Begin at the line containing "4017 S Frontage" and restate it and each line after it exactly, up to and including the last line below. Leave pictures out.
** GIVEN INFORMATION follows **
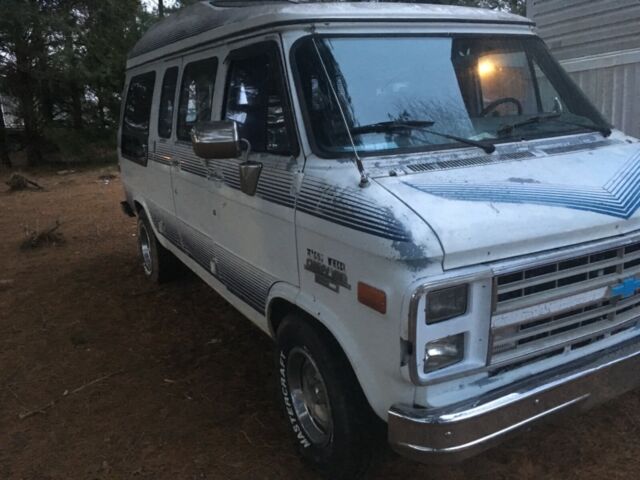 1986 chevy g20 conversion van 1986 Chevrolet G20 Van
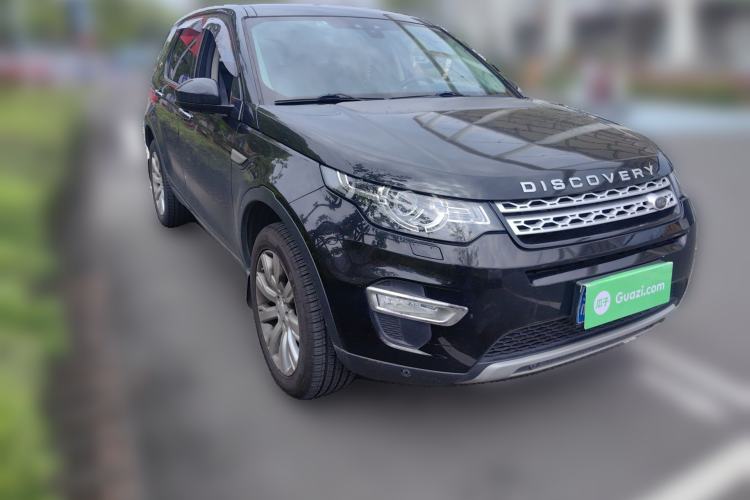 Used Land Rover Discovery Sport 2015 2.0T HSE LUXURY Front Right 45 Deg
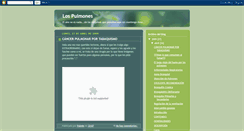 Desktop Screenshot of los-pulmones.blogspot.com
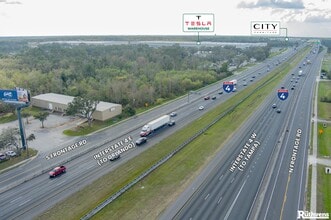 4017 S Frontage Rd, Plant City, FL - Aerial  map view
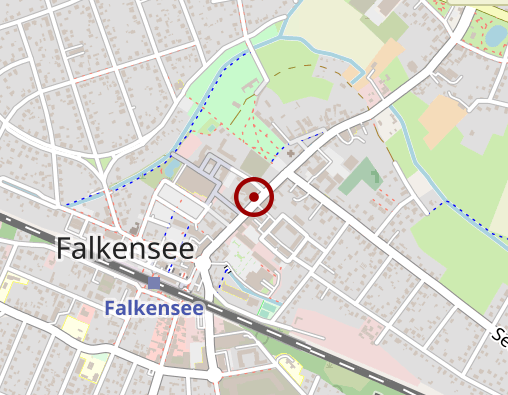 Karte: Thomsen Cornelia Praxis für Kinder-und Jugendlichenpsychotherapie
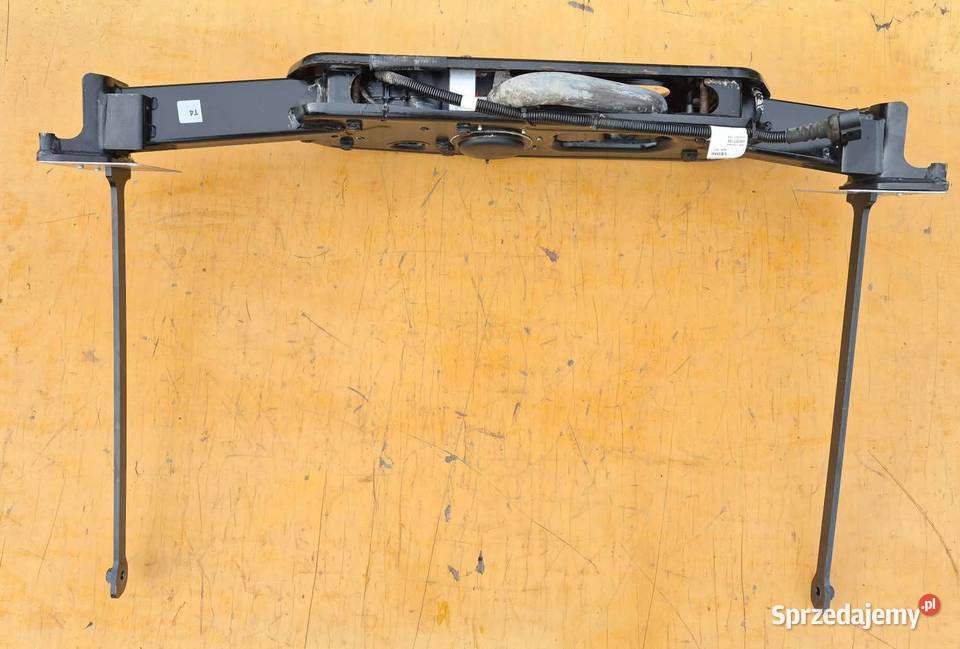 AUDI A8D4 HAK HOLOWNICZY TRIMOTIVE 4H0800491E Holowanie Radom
** End of GIVEN INFORMATION **
OUTPUT OF THE EXERCISE
 4017 S Frontage Rd, Plant City, FL - Aerial  map view
 Karte: Thomsen Cornelia Praxis für Kinder-und Jugendlichenpsychotherapie
 AUDI A8D4 HAK HOLOWNICZY TRIMOTIVE 4H0800491E Holowanie Radom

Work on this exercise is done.